Choose a base size then choose your stake material. The space between stakes may run from 1/4” to 3/8”, depending on the base and the design of your basket. For stakes you may want to choose one of the following: Flat Reed, Flat Oval Reed, Cane, Ash or Hickory Bark.

Find Center

Getting Started: Sand your base and apply the finish of your choice, allowing finish to dry. Place the inside of the base upward and mark the center, just above the slot, on each side of your base, dividing the base into quarters.

If using a round or oval-shaped base, trace the base onto a piece of paper, cut out the shape, and fold the pattern in half and in half again—creasing at each fold. Open the pattern and mark your base at the fold lines.

Check the fit of a few stakes into the slot. If the stakes are too thick to be easily inserted here are a couple of suggestions: sand the inside of the slot, use pliers to pinch and flatten the end of the thicker stakes, or carve some of the thickness from the rough side of the stake. You want the stakes to fit snugly.

For this basket I sorted through some 1/2” Flat Reed and chose the heavier-weight material for my stakes. I cut the stakes to length, soaked them for just a minute, then laid them on a towel to drain and mellow. As my stakes were a bit thick for the slot, I sanded the slot & flattened the end of each stake by pinching it with pliers.

Start Twining

With rough side up, I inserted a stake at each center mark then added 4 more stakes on each side of the center stake (for a total of 9 stakes per side). Stakes were positioned about 3/8” apart and spread out like the spokes of a wheel.
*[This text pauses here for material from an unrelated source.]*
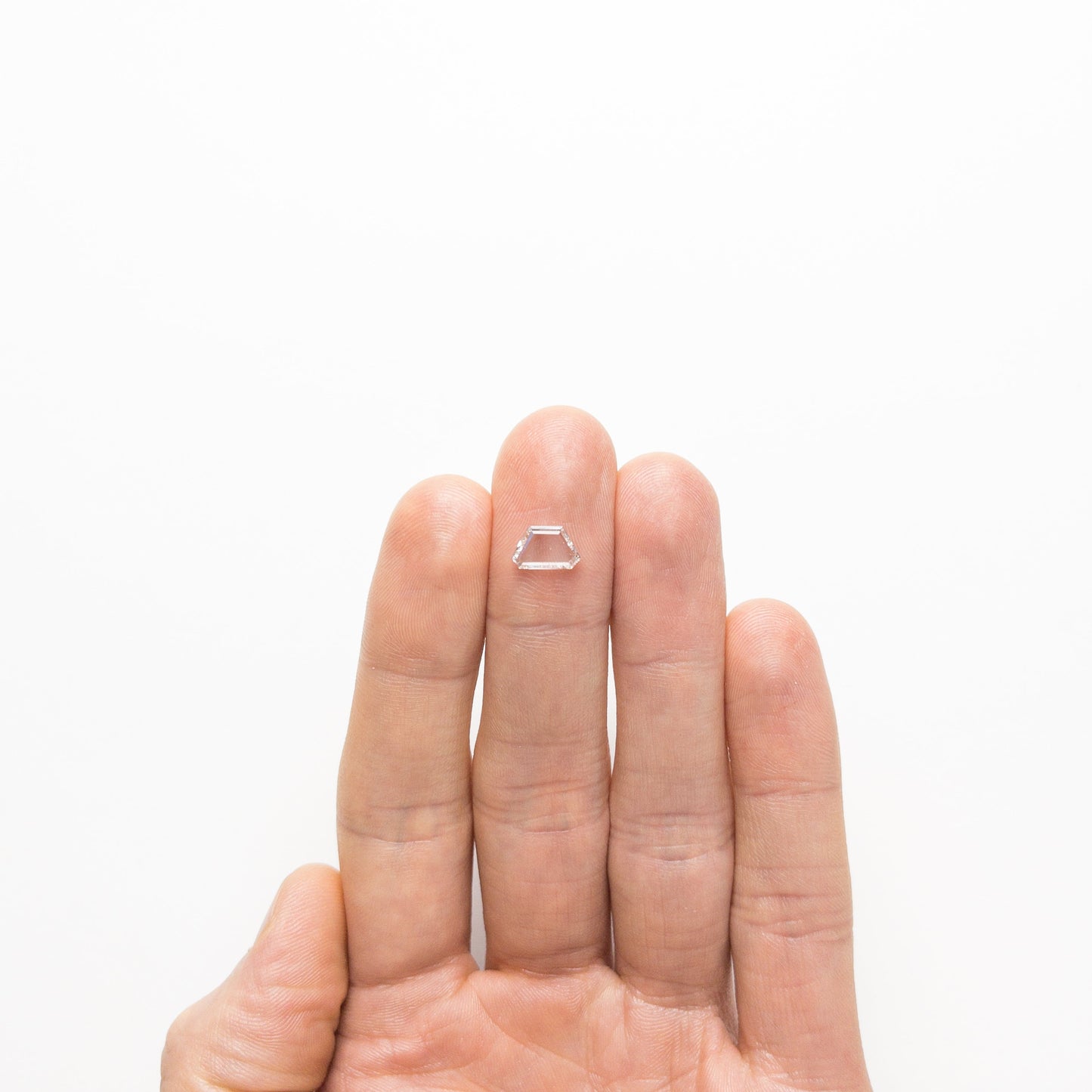 0.90ct 5.52x9.06x1.62mm VS2/SI1 E 幾何学的なポートレート カット 19854-19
After all stakes were in place I double-checked my count.

The first few rows of this basket were twined with #2 Round Reed. To assist my start, I used pliers, to flatten the end of both pieces of #2 Round then inserted each piece into the slot before twining.

Finish Twining

After twining 3 rows, I secured the ends of the #2 under the previous row before trimming. I ‘reseated’ the stakes by pushing each one as deep into the slot as possible before re-wetting the stakes and creasing them upward.

apply glue to the edge

Once the basket is completed, you may want to run a bead of clear-drying glue around the inside and outside edge of the base.